=== Brief ===
The range runs from the line containing "Best Western Inn of the Ozarks Image #22" to the last line of the entries. Restate those lines word for word, without the pictures.

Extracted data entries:

************

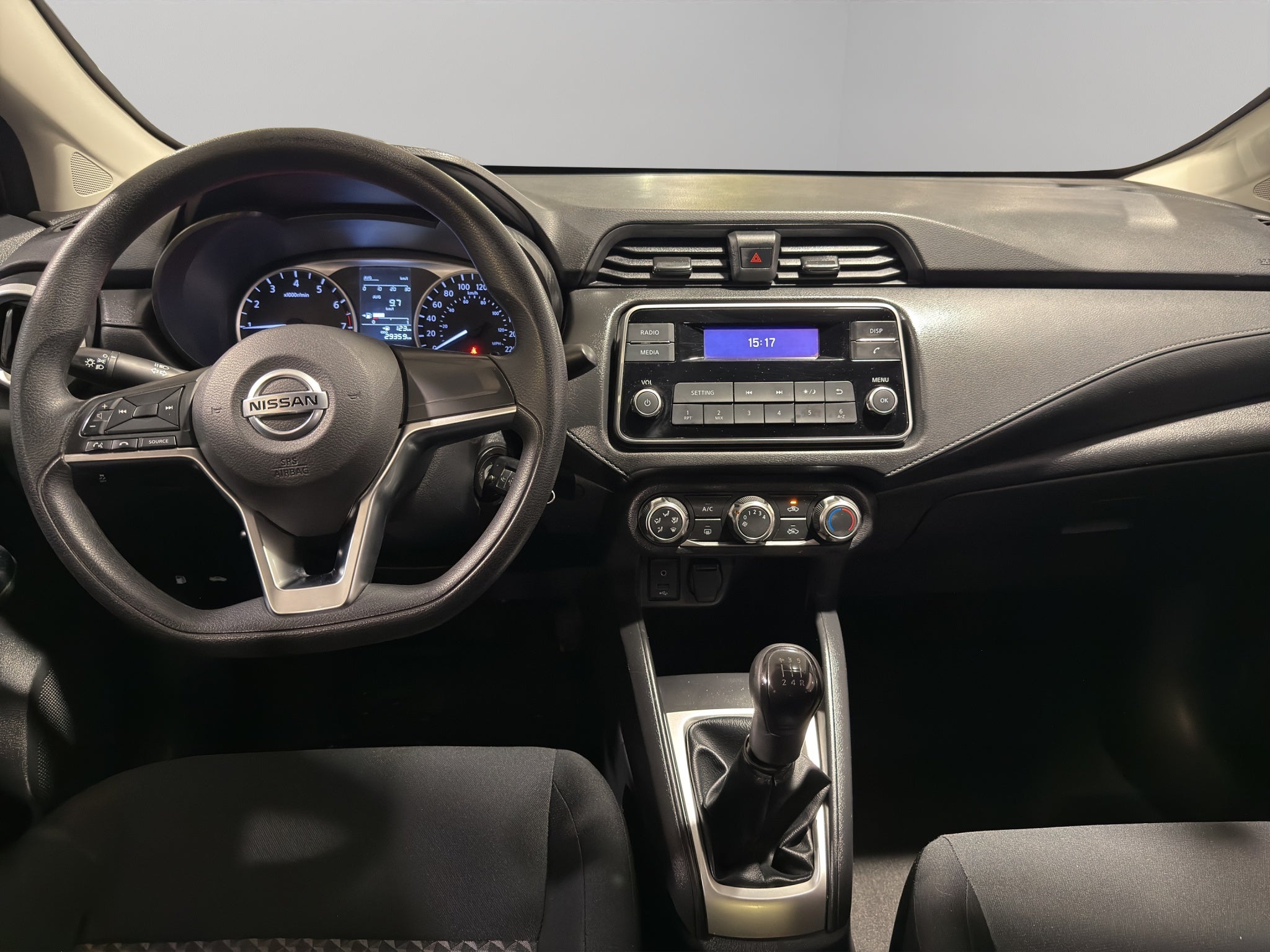 2022 Nissan Versa 4 pts. Sense, TM5, a/ac., VE, R-15 (línea anterior)
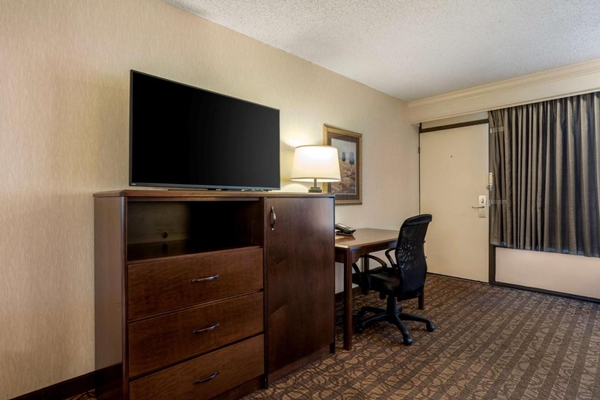 Best Western Inn of the Ozarks Image #22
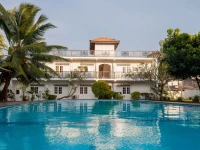 Navro Beach Resort 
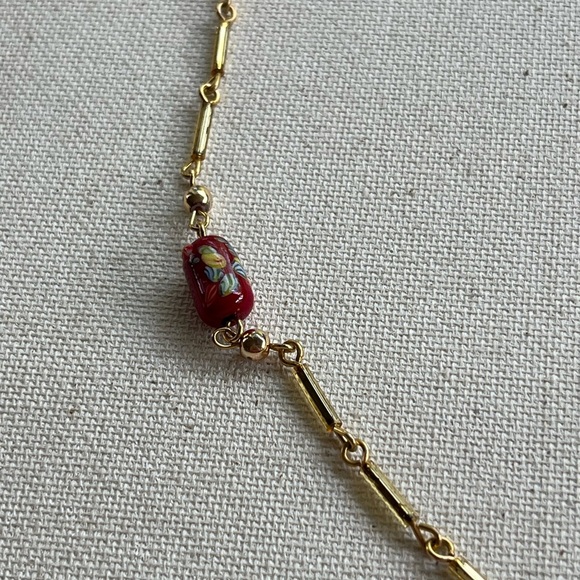 Elegant Gold and Red Beaded Necklace - Picture 2 of 5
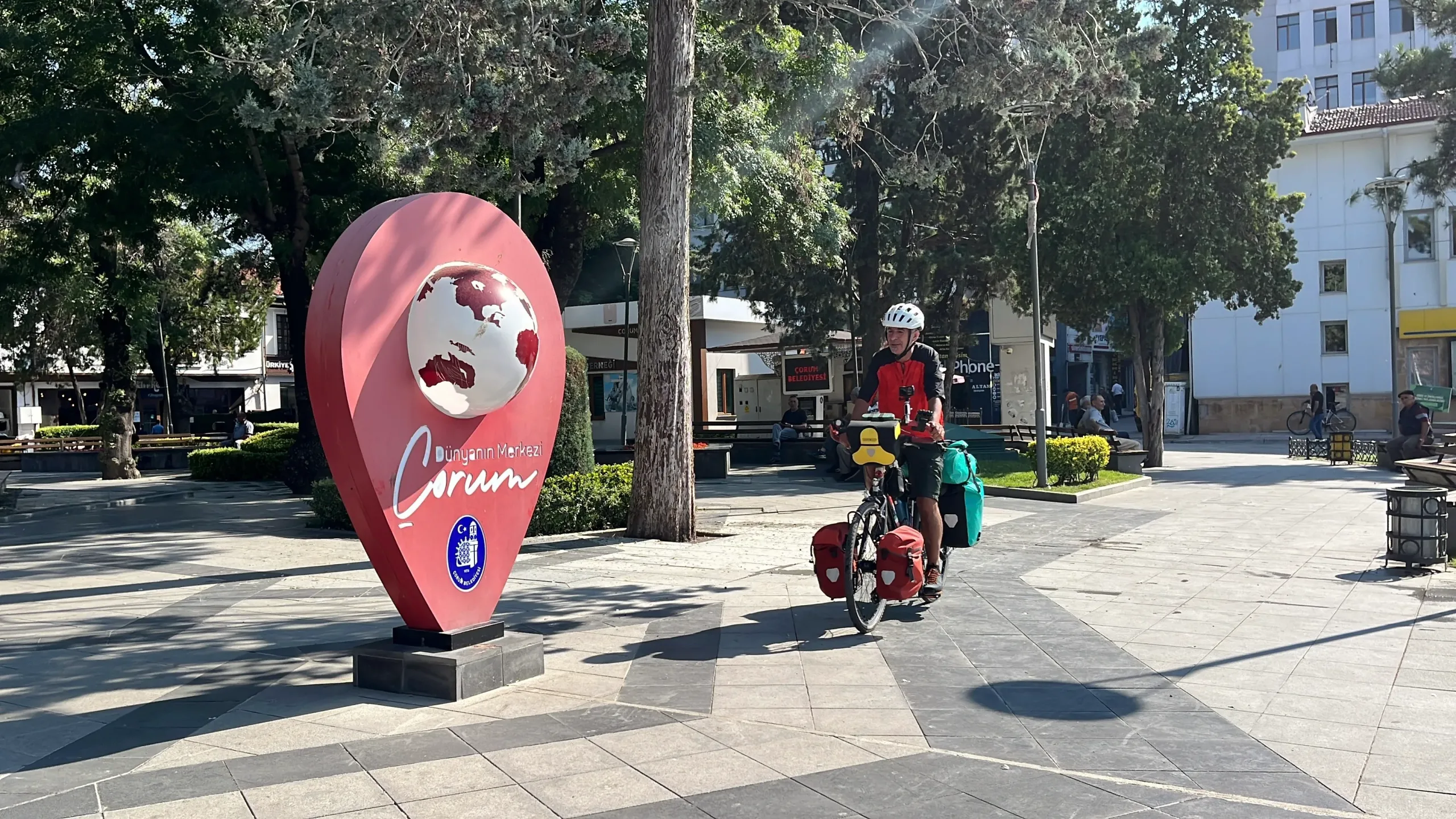 13 yıllık bisiklet tutkunu, en büyük hayali için dünyayı pedallayacak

************

=== Solution ===
 Best Western Inn of the Ozarks Image #22
 Navro Beach Resort 
 Elegant Gold and Red Beaded Necklace - Picture 2 of 5
 13 yıllık bisiklet tutkunu, en büyük hayali için dünyayı pedallayacak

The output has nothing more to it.